Embracing Uncertainty – My Journey to a Data Science Career continued
In my last post, where I described my journey into the world of data science, I kind of skipped the part where I learned how to actually be a data scientist.
I mentioned that I completed an online data science course with Coursera, and then managed to wrangle my way onto the data science team at my consultancy. This was all very well, but neither achieving certification in the field nor actually convincing those who must be obeyed that I could do the job, actually prepared me for life in the fast lane. Nor did it make me a data scientist.
So what did?
“A data scientist is forged in the fires of uncertainty”
Kind of melodramatic I know (been reading too much Dan Brown), but “fires of uncertainty” neatly sums up my experience in the field.
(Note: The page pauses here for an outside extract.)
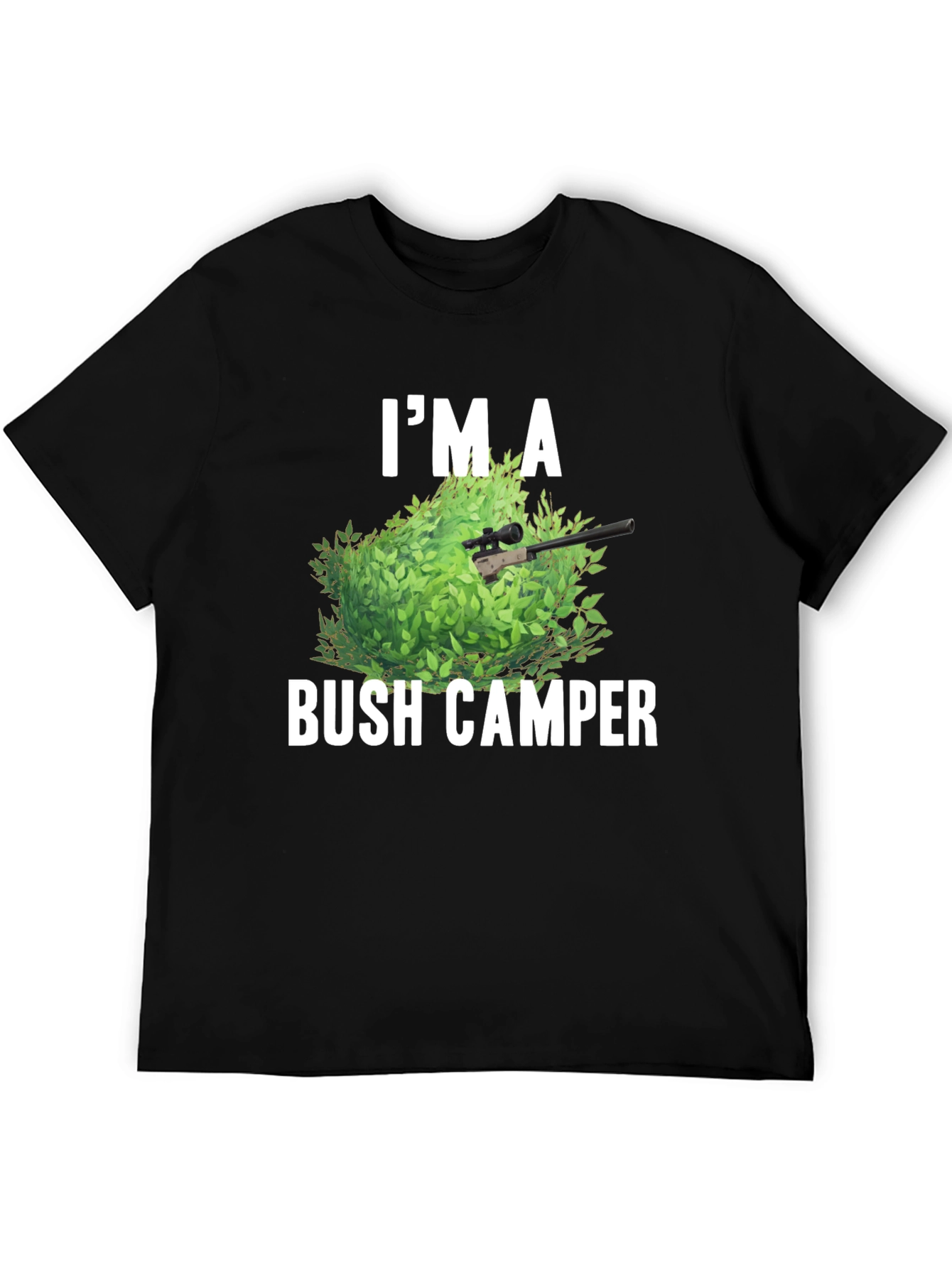 Bush Camper Graphic Tee - Funny Gaming Shirt
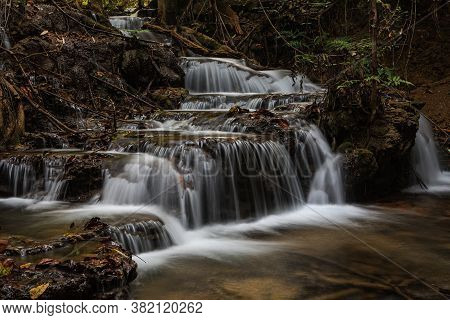 Ka Ngae Sot Waterfall 1st Floor At Thung Yai Naresuan Wildlife Sanctuary National Park (east Side) -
At first I felt that the uncertainty I was dealing with was my own. How was I going to tackle the problem? There are so many approaches one could take for each type of problem. How was I to know which one was correct? Initially this conundrum worried me. How was I going to know that I was on the right path? Would I just be wasting the client’s time and money working out how to answer the question without actually getting to the nub of the issue and answering it? How much time should I spend deciding which way to go?
Then I began to realise that the search for an approach to the problem was actually intrinsic to the whole process. The process of exploratory analysis and discovery was relevant not just to the data itself, but also to how the data was to be analysed.
“Methodological exploration is essential to intrinsic understanding of the subject matter”
I found that the exercise of trying out various methods and approaches tended to actually refine the question, as well as intensify understanding of both the subject and the components of a possible solution. Indeed this was emphasised during the course I did, but until coming face-to-face with it in the wild, it hadn’t really sunk in.
I realised that exploration of the approach and of the data itself were both essential to initiating a data science project. Almost incidentally, the process of trying out different methodologies has forced me to become familiar with a number of completely different statistical and analytic programming tools, which have now been added to my repertoire.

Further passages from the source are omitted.